Ceux qui prétendent que l’électorat ne prête de toute façon guère d’attention aux résultats des sondages, que ce n’est pas tout le monde qui croit ces derniers et qu’il n’est pas important pour tout le monde d’être du côté du gagnant jugent que l’effet d’entraînement n’existe pas(23). Ils soutiennent de plus que bien que certains électeurs veulent se trouver du côté des vainqueurs, quelques-uns se regrouperont autour du perdant probable, par sympathie ? ce que l’on appelle l’effet du « perdant » ? ce qui, selon eux, supprimera ou annulera tout écart dans les préférences(24).

Bien que les universitaires aux États-Unis aient été longtemps d’avis partagés quant à l’incidence de la publication des sondages sur les résultats du scrutin, des recherches récentes prouvent que cette publication peut influer sur un scrutin serré, l’incidence la plus marquée se faisant sentir vers la fin de la campagne(25). Selon des études récentes faites au Canada, les sondages publiés pendant les campagnes électorales peuvent créer les conditions d’un « jeu des attentes », qui stimule l’« effet d’entraînement » et favorise le « vote stratégique », dans lequel les électeurs sont influencés par les chances de déposer un vote gagnant. Ainsi, des électeurs peuvent être amenés à voter pour un candidat ou une candidate qui vient au deuxième rang de leurs préférences parce que celui ou celle dont ils avaient fait leur premier choix n’a guère de chance de l’emporter ou parce que celui ou celle qui est deuxième est plus susceptible de battre un candidat ou un parti dont ils souhaitent la défaite. Il semblerait que le vote stratégique devienne de plus en plus courant au Canada, les compétitions à trois étant plus fréquentes(26). D’où, selon certains, la nécessité, pour les électeurs qui font des choix stratégiques, d’avoir droit à des sondages scientifiquement valables(27).

Les sondages peuvent avoir un effet « démotivant » (lorsque des électeurs s’abstiennent de voter parce qu’ils sont certains que leur candidat ou leur parti l’emportera), un effet « motivant » (lorsque des personnes qui n’avaient pas l’intention de voter sont convaincues de se rendre aux urnes) et un effet de « libre arbitre » (lorsque des électeurs votent pour prouver que les sondages ont tort)(28). Enfin, les sondages ont une incidence directe sur la date d’élection car les gouvernements parlementaires s’en servent souvent des sondages pour choisir le jour du scrutin.

   B. Incidence indirecte

L’incidence indirecte des sondages en période électorale peut être aussi importante que l’incidence directe(29).
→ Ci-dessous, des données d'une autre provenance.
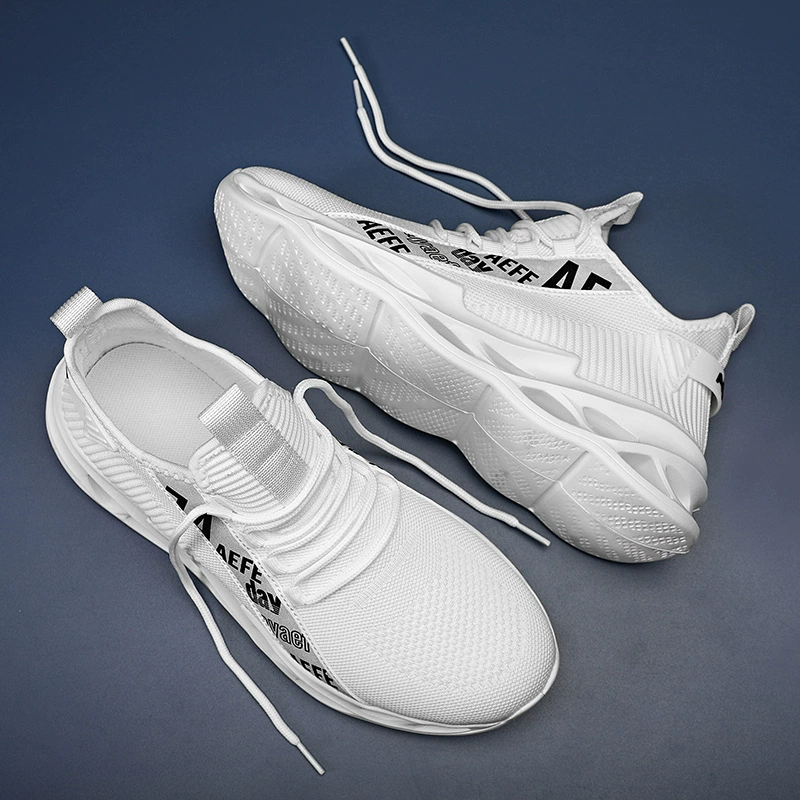 Новая летняя спортивная обувь мужская трансграничная внешняя торговля сетка дышащая спортивная обувь пара супер легкий размер трансграничная спортивная обувь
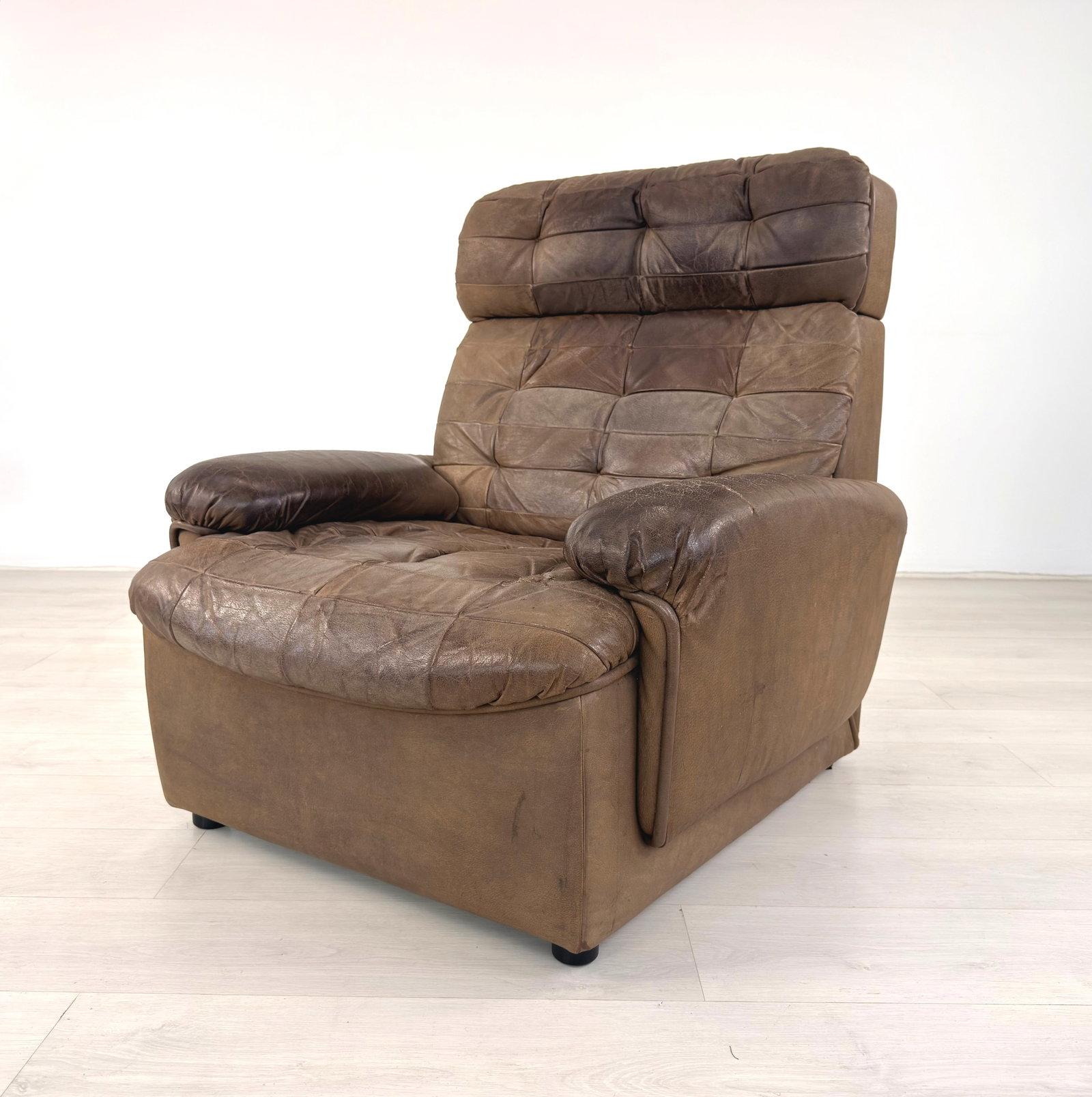 VINTAGE PATCHWORK LEATHER MODULAR SOFA, 1970s - 6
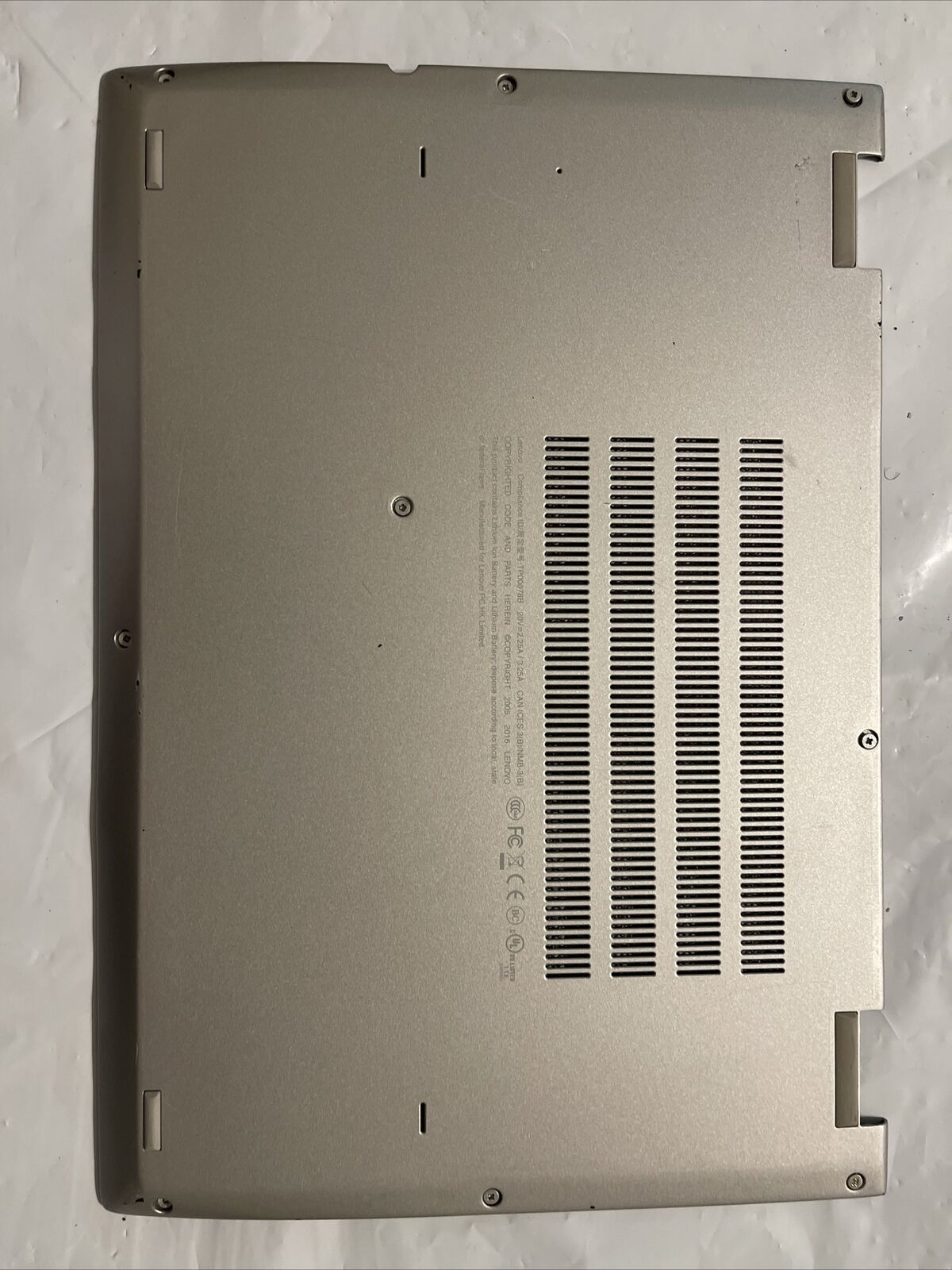 Genuine Lenovo Thinkpad X380 YOGA Bottom Base Cover 02DA143 Silver ata D2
Étant donné la multiciplicité des sondages d’opinion publiés et la place qu’ils occupent dans les médias, certains prétendent que les sondages détournent le débat des questions essentielles. En effet, nombreux sont ceux qui assimilent la couverture médiatique des élections canadiennes à une rencontre sportive ou à une course de chevaux, dans laquelle il y a une absence quasi total d’analyses sérieuses ou approfondies des questions qui préoccupent le plus les électeurs(30). De plus, le fait que les médias mettent surtout l’accent sur les gagnants et les perdants (et sur le « style » des campagnes des chefs et de leur parti) peut également être un facteur dans ce qu’on appelle la « fixation sur le chef ». Un éminent universitaire explique ainsi ce phénomène :

Les sondages d’opinion réalisés pendant la campagne […] mettent l’accent sur le leadership en vue de prédire les résultats des élections et de les expliquer en fonction de l’attirance du public pour chaque chef de parti. Ainsi on fait passer ces sondages pour des mesures du succès de chacune des campagnes. Dans ce sens-là, la couverture médiatique dans ce domaine dénature le système politique, réduit l’envergure du débat public et jette le discrédit sur les dirigeants et les institutions politiques(31).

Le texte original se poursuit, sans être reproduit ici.